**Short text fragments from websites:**
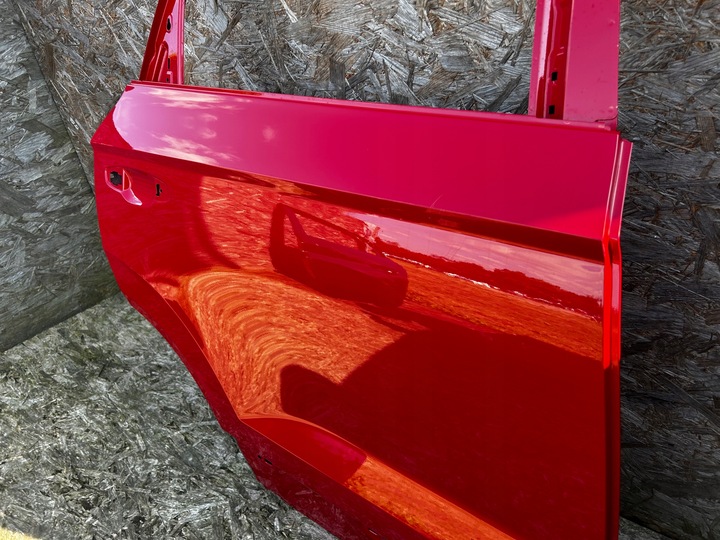 фото №3, Seat ateca skoda karoq дверь правые зад задние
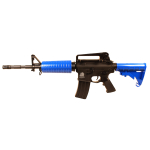 BULLDOG M4A1 AIRSOFT GUN - Image 1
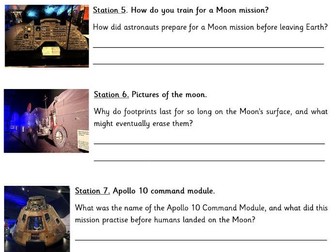 New! Science Museum Space Trail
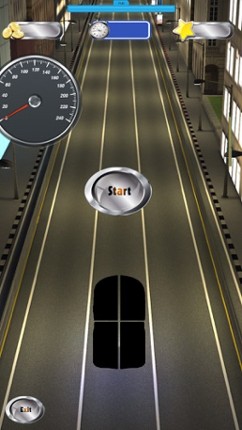 Mobile Arcade Virtual Racer screenshot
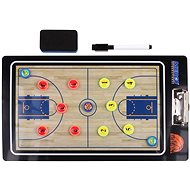 Merco Basketball 65 magnetic coaching board, with clip - Tactic Board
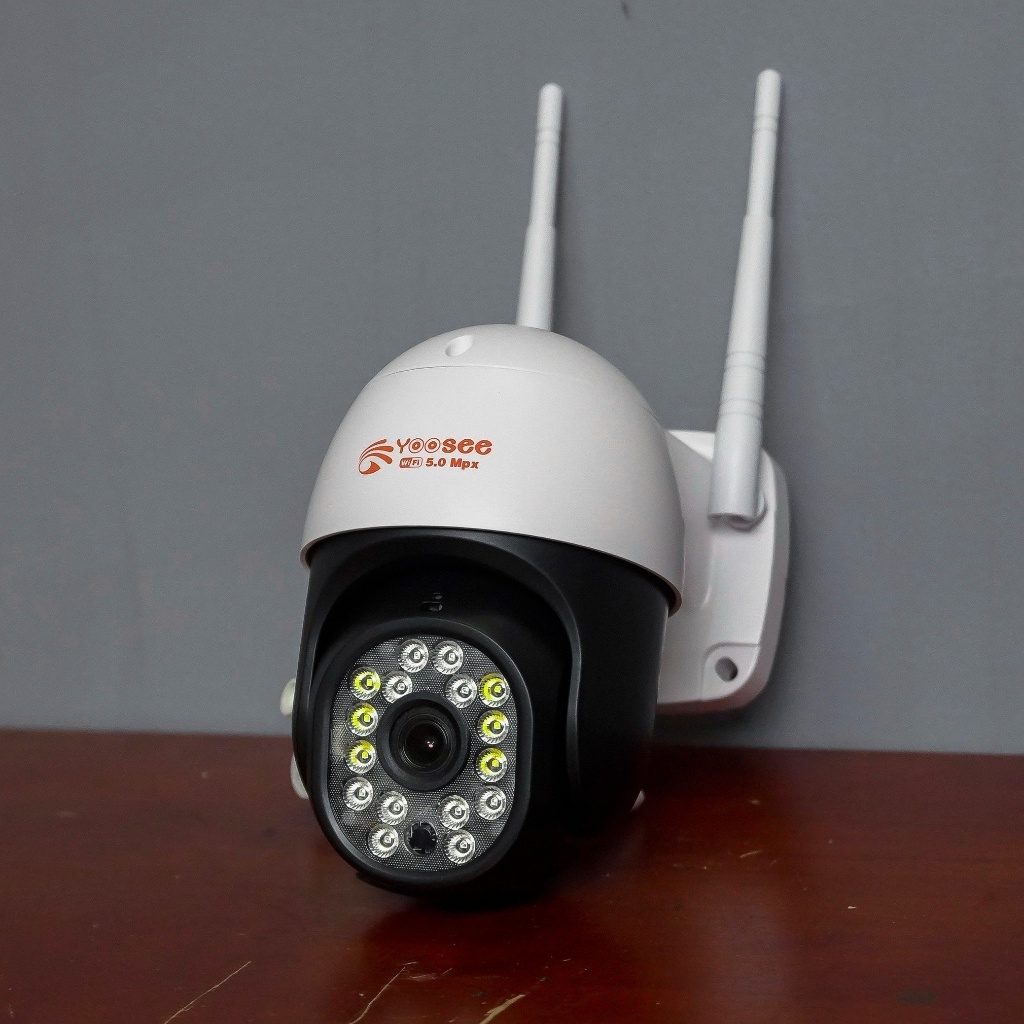 Camera Yoosee Ngoài Trời 16 LED Mini Xoay 360, Đàm Thoại 2 Chiều - Full HD Siêu Nét, Kèm Thẻ Nhớ, Bảo Hành 1 Năm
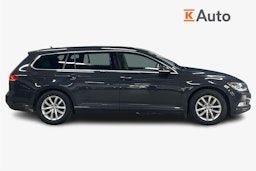 Harmaa Volkswagen PASSAT 2018 kuva 6.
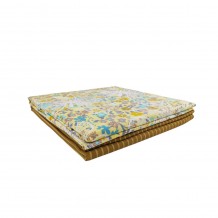 Σετ 4τμχ Σεντόνια με Μαξιλαροθήκες Papillon Yellow Kocoon 240x270cm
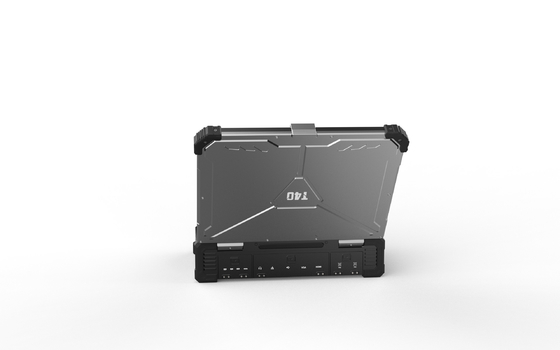 T40GCS - High-quality aluminum alloy constructed tactical ground control system with 13.3-inch dual touch screen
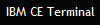 IBM CE Terminal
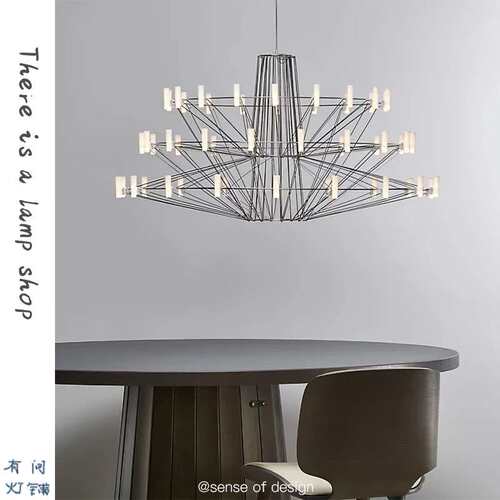 荷兰Moooi Coppélia餐厅吊灯设计师款客厅创意简约卧室装饰吊灯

**Assigned task:**
Pictures don't belong in the copy. Retype exactly the lines from the one with "T40GCS - High-quality" through the last line of the records.

**Exercise output:**
 T40GCS - High-quality aluminum alloy constructed tactical ground control system with 13.3-inch dual touch screen
 IBM CE Terminal
 荷兰Moooi Coppélia餐厅吊灯设计师款客厅创意简约卧室装饰吊灯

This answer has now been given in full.